Dans le deuxième volet, « Mon cousin américain », titre de la pièce à laquelle assistait le Président Lincoln le soir de son assassinat, Percival Everett réemploie des éléments du schéma précédent. De nouveau, un outsider arrive à La Plata et rencontre le shérif afin de chercher des informations sur un parent. Elle s’appelle Caitlin Alison, elle prétend être irlandaise, et elle aimerait trouver une cousine, Fiona McDonough, qui est censée habiter dans les parages. Son identité ne sera pas plus authentique que celle de Jennifer Bickers. De nouveau, il y aura une tentative de meurtre dans une maison isolée. Et lors de la fusillade qui marque, une fois de plus, la fin de l’intrigue, Ogden sera encore sauvé par l’apparition providentielle d’un confrère qui, heureusement, sait mieux tirer que lui.
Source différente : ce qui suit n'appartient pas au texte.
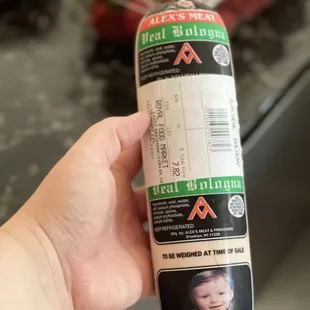 a hand holding a package of food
Enfin, dans « Terrain glissant », pour maintenir le lien avec les deux premiers chapitres, il y aura un meurtre dans des circonstances inexplicables et illogiques. Il s’agit de Terrence Lowell – Terrain/Terrence ! – le garde-pêche pour la Red River. Apparemment, les policiers n’ont pas attendu la fin pour se tirer dessus. Juste avant de se faire assassiner, le défunt avait arrêté un braconnier, et avait demandé à Ogden d’accompagner à la maison le « neveu » de l’homme arrêté. Ce garçon de onze ans, qui s’appelle Willy Yates, est-il vraiment le neveu de l’accusé ? Ils n’ont pas le même nom et leur lien de parenté n’est pas clair. Willy ne connaît pas sa propre adresse. Dans l’annuaire, Ogden trouve quatre Yates dans le coin mais personne ne répond au téléphone. Il n’y a pas que cela. Lorsqu’Ogden passe au bureau et le laisse quelques instants dans le couloir, le garçon disparaît subitement, sans laisser de trace. A-t-il vraiment existé ? Seul le shérif adjoint l’aurait vu.
Ce troisième volet, comment se termine-t-il ? Devinez ! En fusillade triangulaire, digne du Bon, la Brute et le Truand. C’est-à-dire avec trois flics qui braquent leurs pistolets les uns sur les autres. Le coup de feu mortel ne vient jamais d’où on l’attend. L’imprévisible est toujours de mise, c’est mathématique.